Bandung to Jakarta, Indonesia
After catching another overnight train, I arrived to Jakarta Kota (city) station and made my way to the hostel where I was advised to not use the tap water because of it’s high saline content due to proximity to the ocean, but I was skeptical. So immediately after waking, I headed out to look for nearby hostels and compare the water, then arranged to change lodgings because their water did not taste salty. Then I explored the numerous attractions near the station from Bank Mandiri museum to Bank of Indonesia museum, where I pieced together the history of fiscal mismanagement due to domestic and civil wars which lead to inflationary policies and today’s 14,000:1 IDR to USD exchange rate (note: the museums didn’t explicitly state these things).

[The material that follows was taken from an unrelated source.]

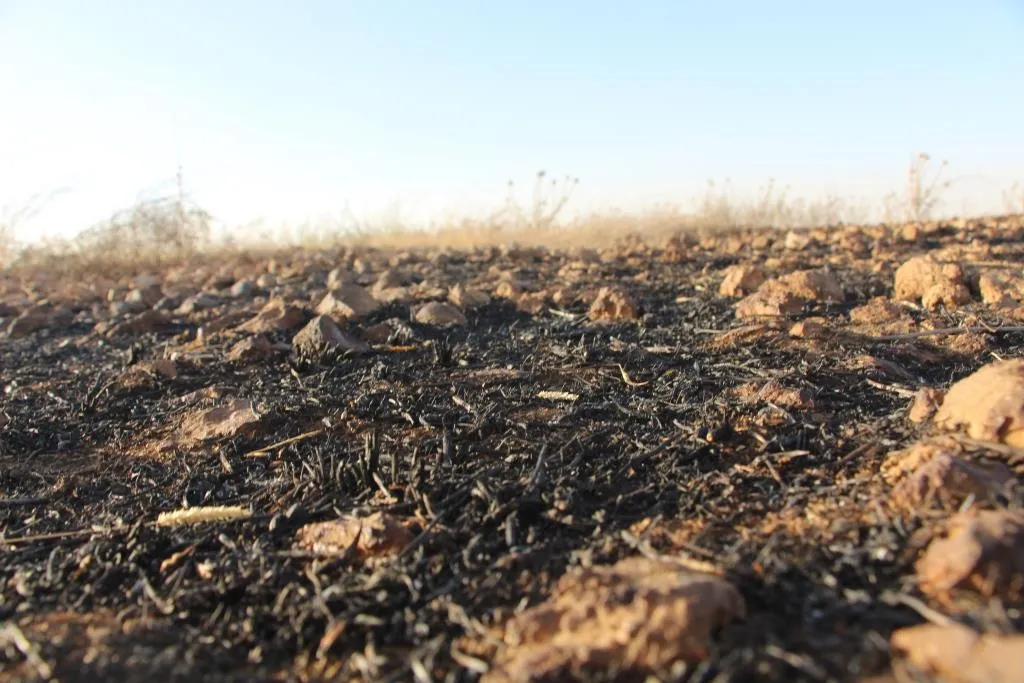 Occupation caused to burn large scale areas of agricultural lands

At the center of downtown is Fatahillah square surrounded by Fatahillah Museum, Seni Rupa dan Keramik museum (guarded by an Indonesian Obama look-alike), Kantor post office, and Wayang Museum filled with Indonesian and worldwide shadow puppets, but sadly the shadow puppet shows season had recently ended. The “guide” that greeted me was quite animated and made some unusual comments, but I wasn’t able to escape him until I finally refused to pay him a tip because I knew many of his facts were misleading or wrong.
With insufficient time to hop on the free bus 46, I opted to head further north toward the Dutch Drawbridge, VOC Galangan, the Maritime museum up to the docks then turned around before it got too dark and knowing that I would get another chance to return with a free walking tour.

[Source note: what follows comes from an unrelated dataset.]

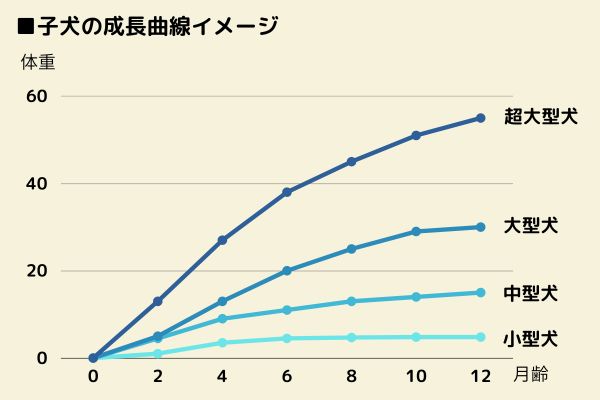 子犬の成長曲線イメージ (1)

As I crossed Fatahillah square again, it was packed with locals enjoying the cool evening. Before changing hostels, I told the staff about the US’s Flint water crisis and shared some facts I learned at the Fatahillah museum about Jakarta’s lack of a central sewage system, which I believe means their water is dangerously contaminated by sewage. Then I moved.
An effective way to save money is to avoid buying water. I like to choose hostels with free filtered water or water coolers, but be careful with coolers. I check the new ones next to the cooler to make sure that they’re properly sealed, so I know they contain clean water (similar to what you should do when checking the cap of a new water bottle for proper seal).